* **Source information**
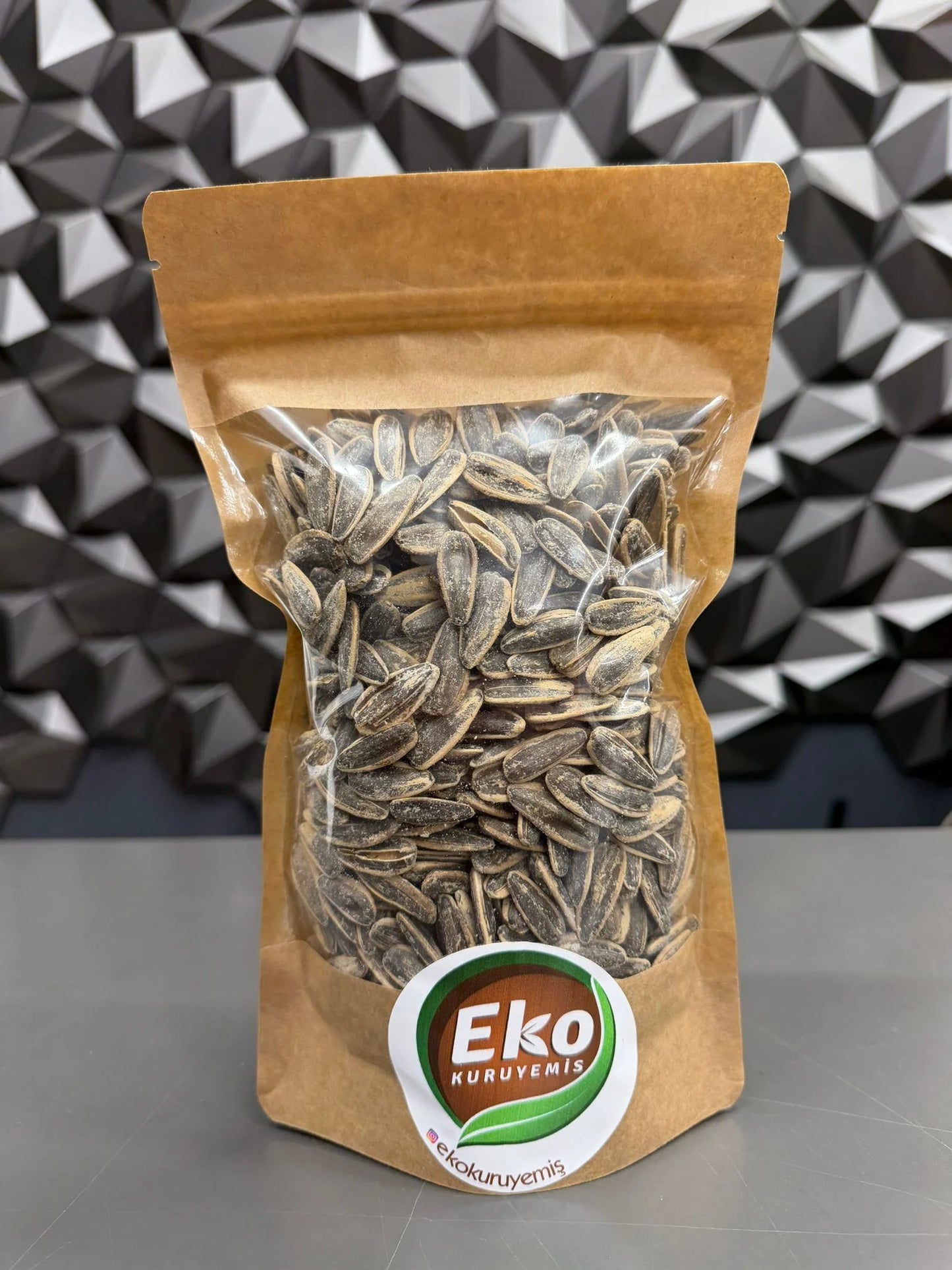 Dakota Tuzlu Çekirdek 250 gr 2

...

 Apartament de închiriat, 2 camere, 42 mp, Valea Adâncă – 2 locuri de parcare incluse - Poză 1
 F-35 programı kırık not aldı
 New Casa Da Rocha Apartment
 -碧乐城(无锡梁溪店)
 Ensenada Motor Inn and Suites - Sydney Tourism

==

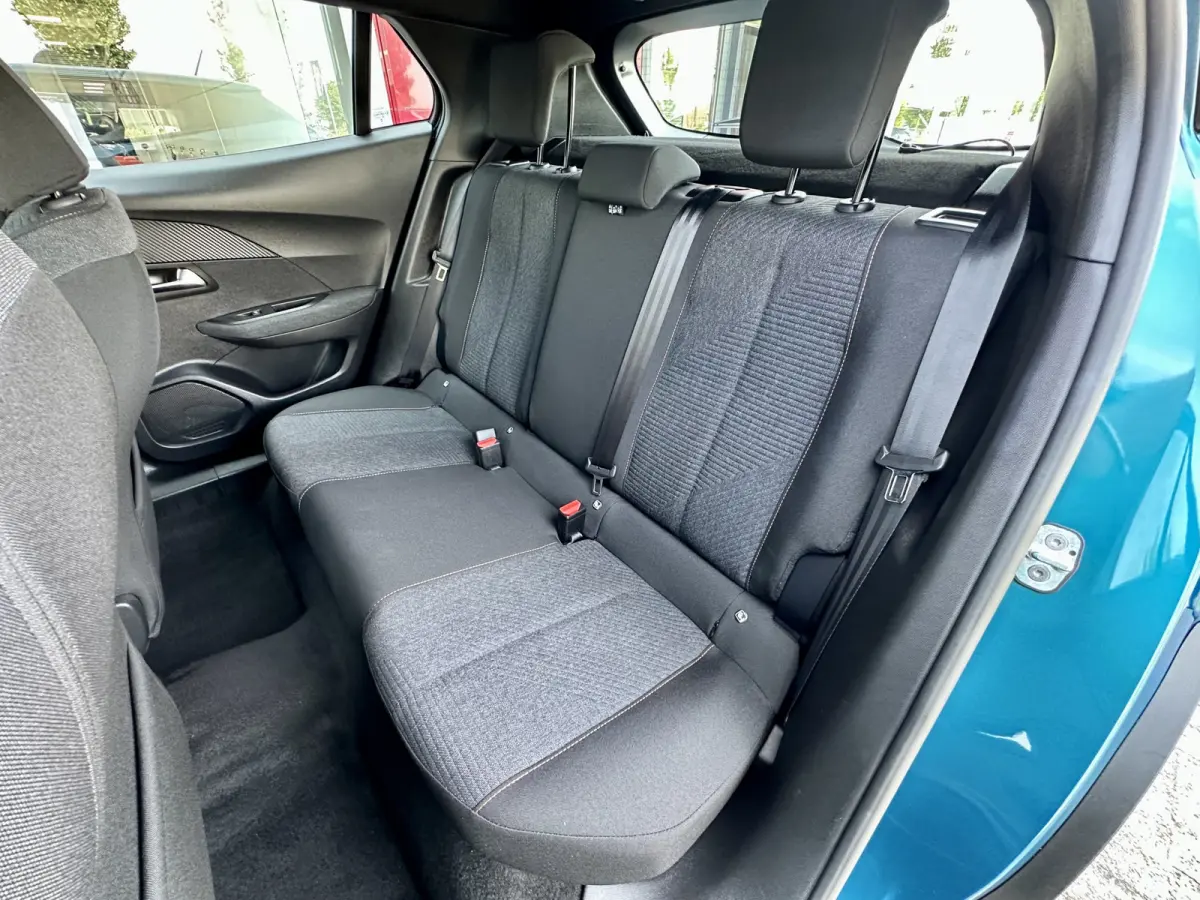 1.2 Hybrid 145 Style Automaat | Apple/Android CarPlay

* **Task description**
A verbatim transcription is needed of the lines above, starting at the line with "F-35 programı kırık not aldı" and ending at the line with "Ensenada Motor Inn", both included, and of nothing else.

* **Task response**
 F-35 programı kırık not aldı
 New Casa Da Rocha Apartment
 -碧乐城(无锡梁溪店)
 Ensenada Motor Inn and Suites - Sydney Tourism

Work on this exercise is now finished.